Xavier Niel : « Free a réinventé le marché »

 

Free Mobile : 5 millions d'abonnés fin 2012, « un petit quart » avec l'offre à 0 €

Blocage de la publicité, première année de Free Mobile, concurrence... Xavier Niel revient sur toute l'actualité — et son lot de polémiques — de Free et de Free Mobile dans une interview fleuve au Figaro« Free a réinventé le marché », clame son trublion de patron.
Depuis son arrivée sur le marché le 10 janvier 2012 (lire : Free Mobile, un an de « bordel »), le nouvel entrant a été assez avare en informations. Il a fallu attendre la publication des résultats financiers d'Iliad, la maison mère, fin août pour savoir que Free Mobile comptait 3,6 millions d'abonnés au 30 juin. Même schéma deux mois et demi plus tard : à l'occasion de l'annonce des résultats trimestriels, Iliad révèle que le nombre d'abonnés s'élève à 4,4 millions de personnes au 30 septembre. Cette fois, Xavier Niel s'arroge le privilège d'annoncer que Free Mobile a « terminé l'année avec environ 5 millions d'abonnés ». On notera que la progression fulgurante qu'avait connu le nouvel entrant lors de la première partie de l'année s'est largement estompée. Un tassement qui peut s'expliquer par l'alignement des offres concurrentes, devenu de plus en plus compétitives au cours de l'année — H+/Dual Carrier, deux SIM... —, et par la qualité du réseau régulièrement décriée ?
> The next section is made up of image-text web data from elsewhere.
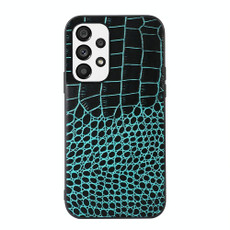 For Samsung Galaxy A73 5G Crocodile Top Layer Cowhide Leather Case(Cyan)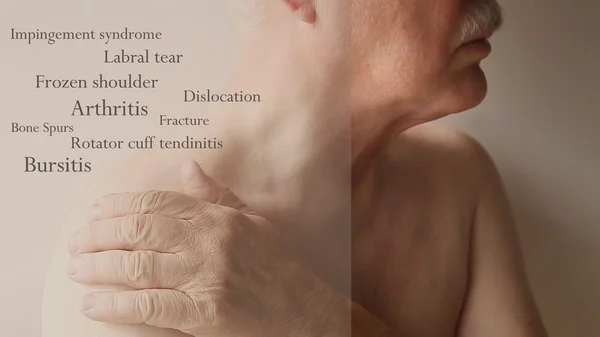 Shoulder pain words on senior man — Stock Photo, Image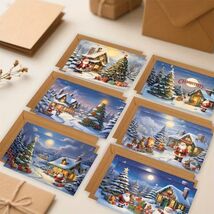 6 Christmas Cards with Santa Clause, Christmas Tree, And House Designs - €8,49 EUR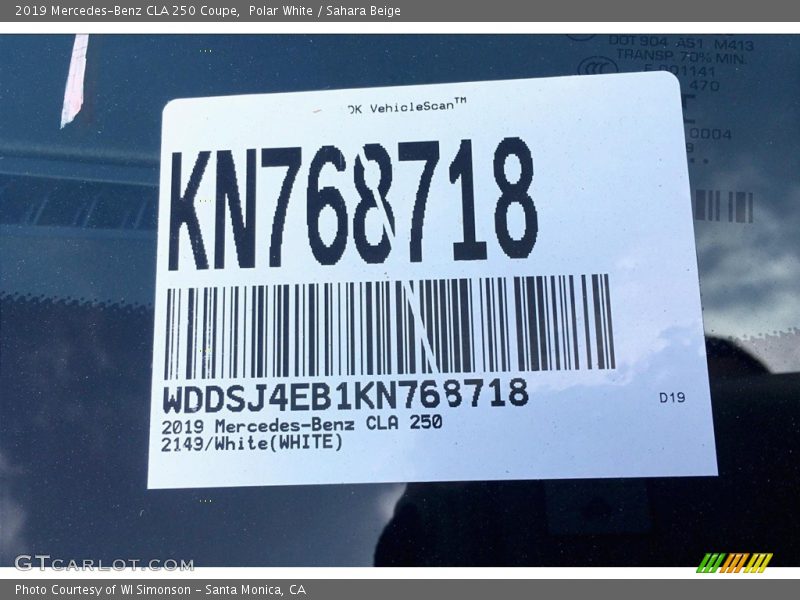 Polar White / Sahara Beige 2019 Mercedes-Benz CLA 250 Coupe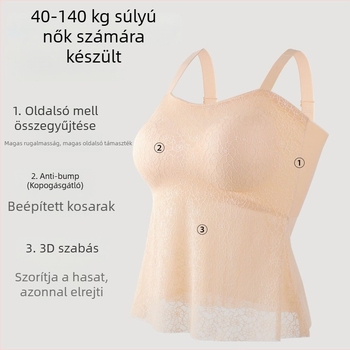 Csipkés melltartó beépített párnával, nagy méret, egyrészes dizájn, állítható pántok, kényelmes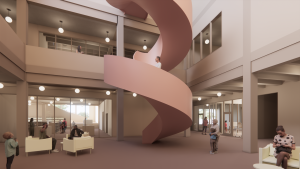 Skiss inne från Ulricehamns kulturhus. En spriraltrappa mitt i rummet går mellan två våningar. Till vänster står några vita fåtöljer och till höger om trappan skymtar biblioteket.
« On ne recrute 5 millions d’abonnés qu’avec un service au meilleur niveau, surtout avec des offres sans engagement  ! », argue Niel à propos des critiques de l'UFC-Que Choisir. Et le patron de Free de mettre en cause les tests de l'association de consommateurs, alors que « l’étude de qualité de service des réseaux mobiles récemment publiée par l’Arcep place le service de Free Mobile à un excellent niveau. » S'il fait référence au bilan 2012 du gendarme des télécoms, l'appréciation que Xaviel Niel en a est pour le moins sujet à caution. Bien que les résultats du nouvel entrant ne soient pas médiocres, ils sont souvent inférieurs à ceux des autres opérateurs.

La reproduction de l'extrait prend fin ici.